First two values are consistent with full binary floating-point data hanging somewhere in memory, while the last reading is consistent with binned representation. So it appears that the compression is only happening when Booster is created. Is that so, or this is an artefact of Python wrapper?

P.S.: Naturally, I set free_raw_data=True in Dataset constructor and do lgbTrain.raw_data = None, raw_data = None and gc.collect() afterwards, though I agree python can still theoretically disregard all this.

aftersought on 27 Dec 2017

@aftersought
I/O part isn't hard, it is just not trivial for high efficiency, and often needs many codes. You can find there are many IO codes in LightGBM, while the core algorithm is quite simple.
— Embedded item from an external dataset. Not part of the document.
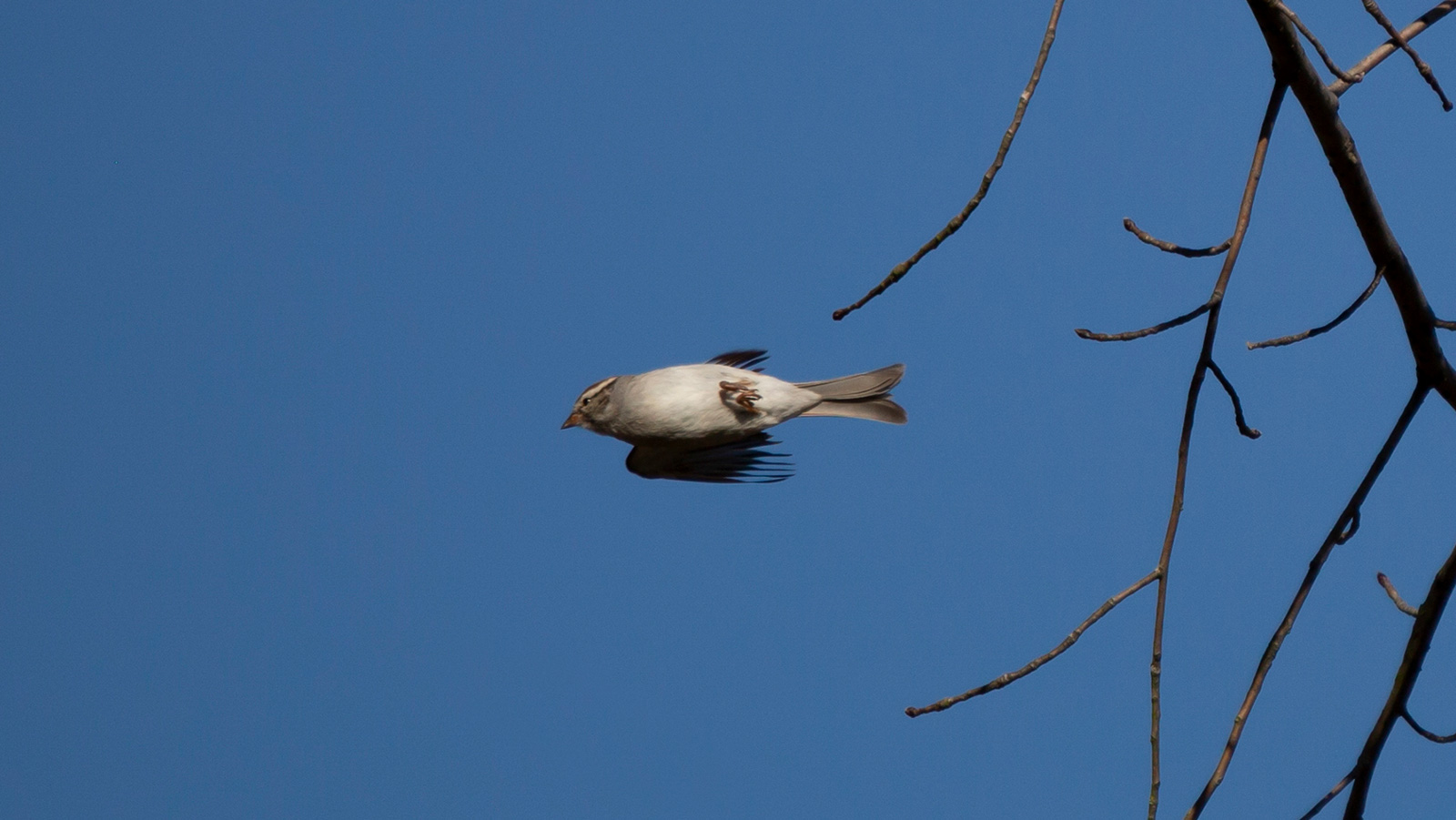 Chipping sparrow flying in blue sky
you can use reference parameter in Dataset or create_valid to ensure the alignment.

The Dataset is initialized lazily: https://github.com/Microsoft/LightGBM/blob/master/python-package/lightgbm/basic.py#L625-L734

you can call Dataset.costruct() to construct immediately (but don't forget to set reference for validation dataset).

guolinke on 27 Dec 2017

@guolinke Thanks, that was actually very helpful suggestion. Dataset.construct is the key.
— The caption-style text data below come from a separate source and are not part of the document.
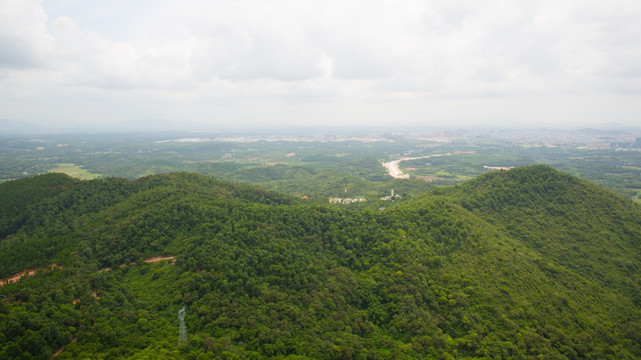 树林 高山 大垌山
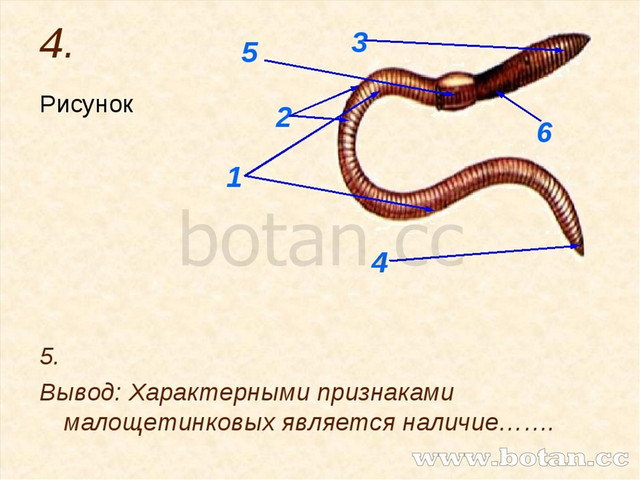 Передний и задний конец червя. Строение дождевого червя внешнее строение. Внешнее строение дождевого червя рисунок. Внешнее строение червя дождевого червя. Части тела дождевого червя внешнее строение.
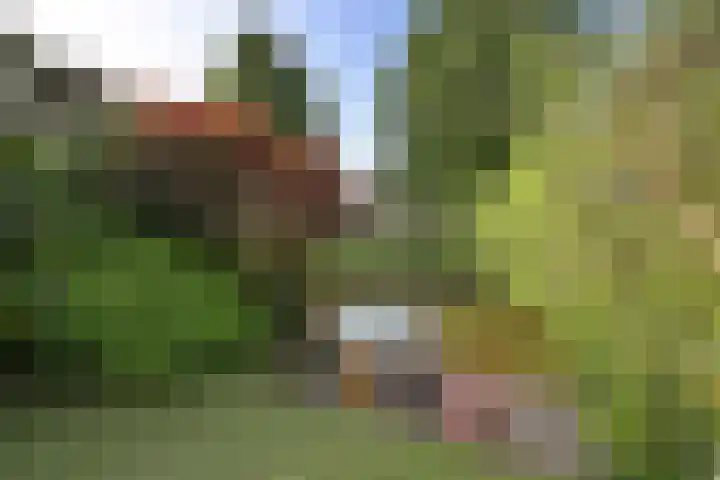 Korinthestraat 6 Zoetermeer thumbnail 15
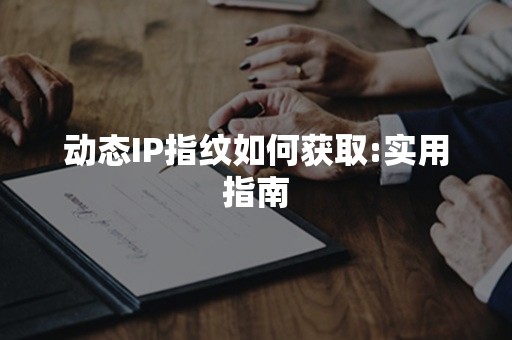 动态IP指纹如何获取:实用指南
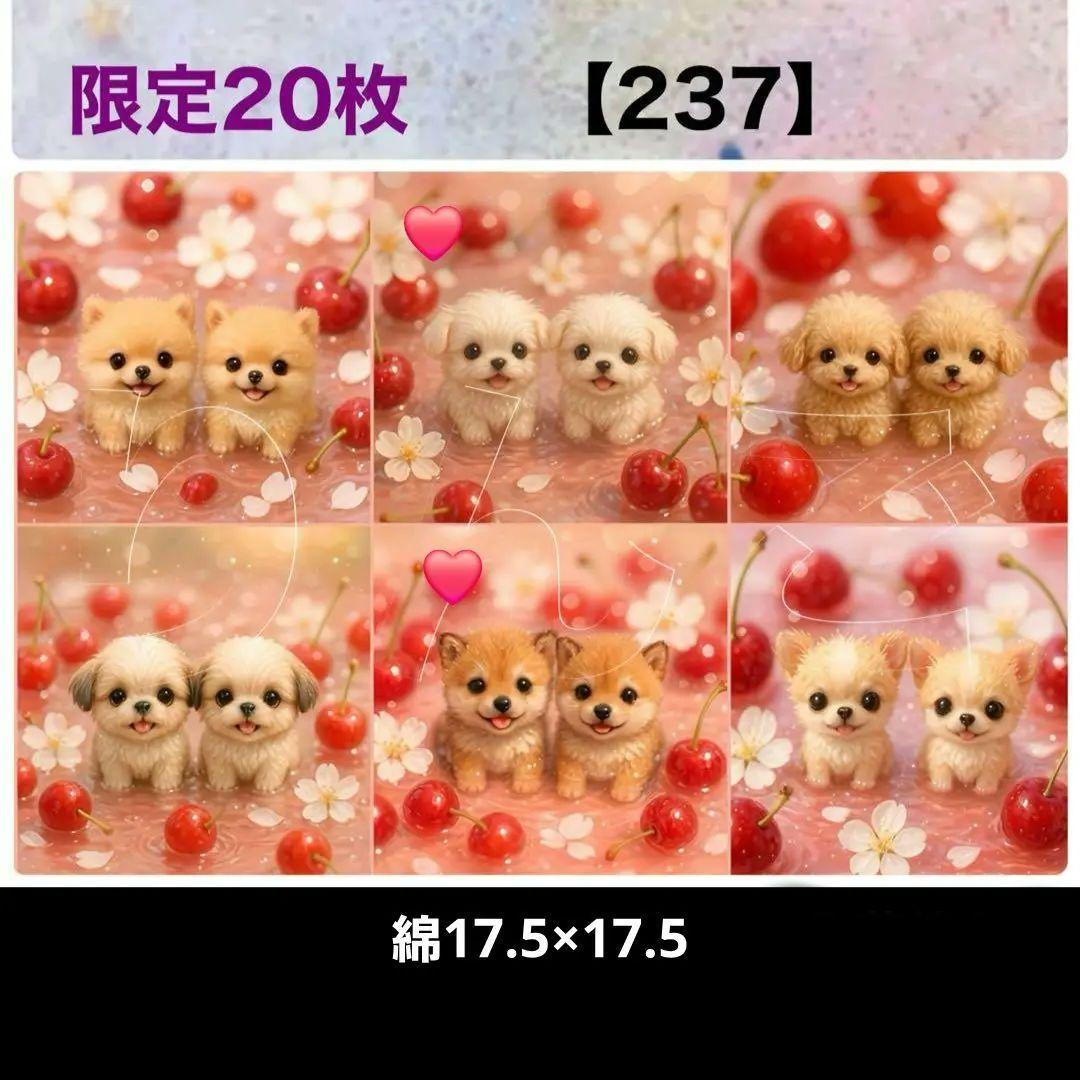 ねこ様確認用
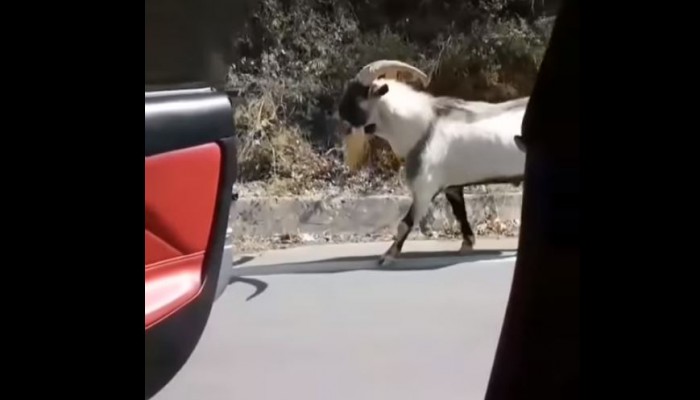 Θεϊκό kiki challenge στην Κρήτη με... τράγο!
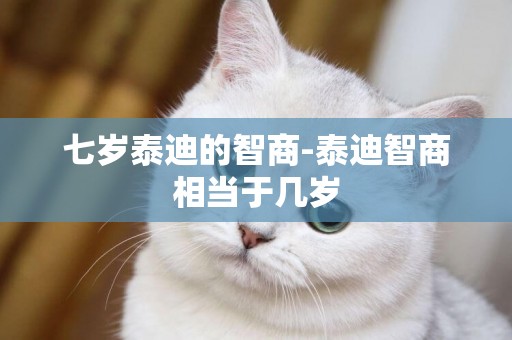 七歲泰迪的智商-泰迪智商相當于幾歲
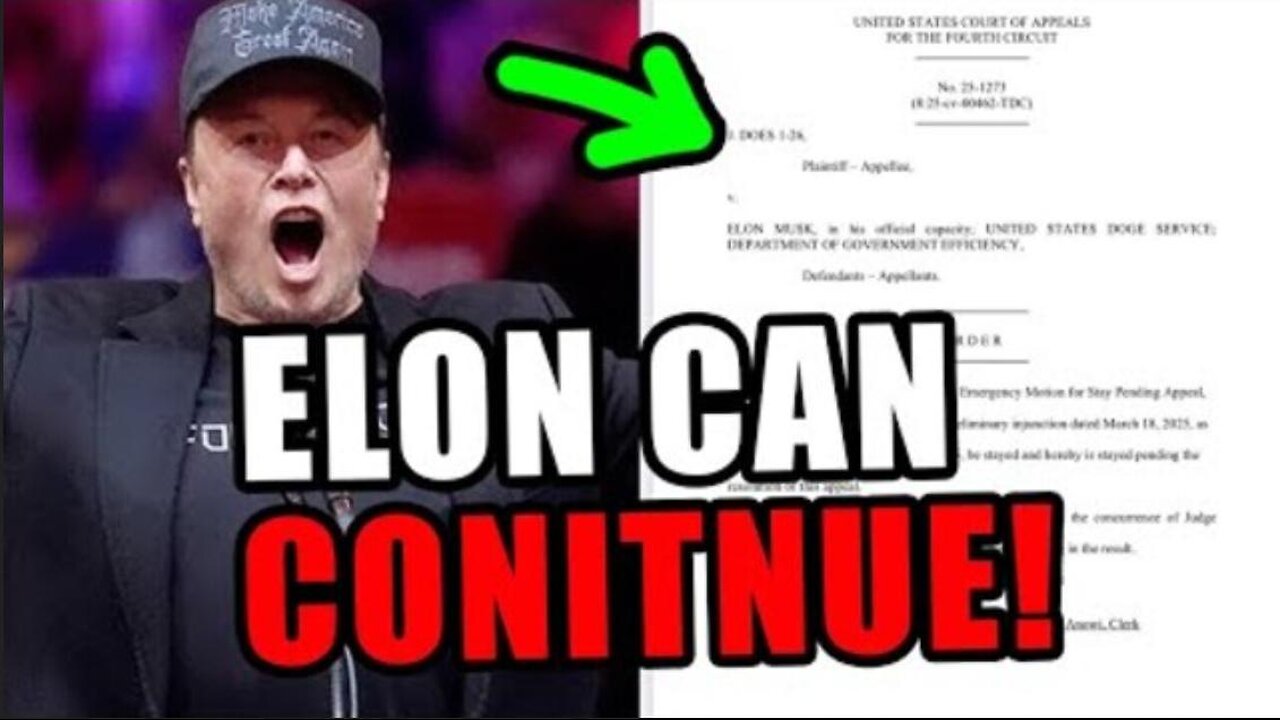 The Courts Have Sided With ELON MUSK ~ by Liberal Hivemind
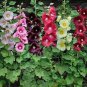100 Seeds Double Hollyhock Flower Bonsai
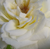 Biela - Trpasličia, mini ruža - Bianco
Read your data into float32 not float64 (float not double in C) - you probably don't need the precision and you will squeeze twice as more in available RAM.
Construct dataset with free_raw_data=True as the docs suggest. Basic training does not need a copy of the data (and if some of your others functions need it you will get an error).
Delete you own copy of the data after calling Dataset constructor.
Call Dataset.construct() to actually construct dataset from data, which compresses data into bins and delets internal copy. You probably have to be careful with the order of (2) and (3) in C, but in python the data will only be removed after Dataset deletes it's own copy.
Process the validation set in the similar fashion only after you have compressed the training set / deleted original data (steps 1-3 above) and reduced your RAM footprint. As the training set is typically largest single dataset among all the datasets you will be working with you should start with it to have most memory available.
Once you process all you datasets in this fashion and start training, you RAM usage will be a fraction of your maximum available RAM (and peak RAM usage for dataset construction) due to discretization / compression of the data by LightGBM.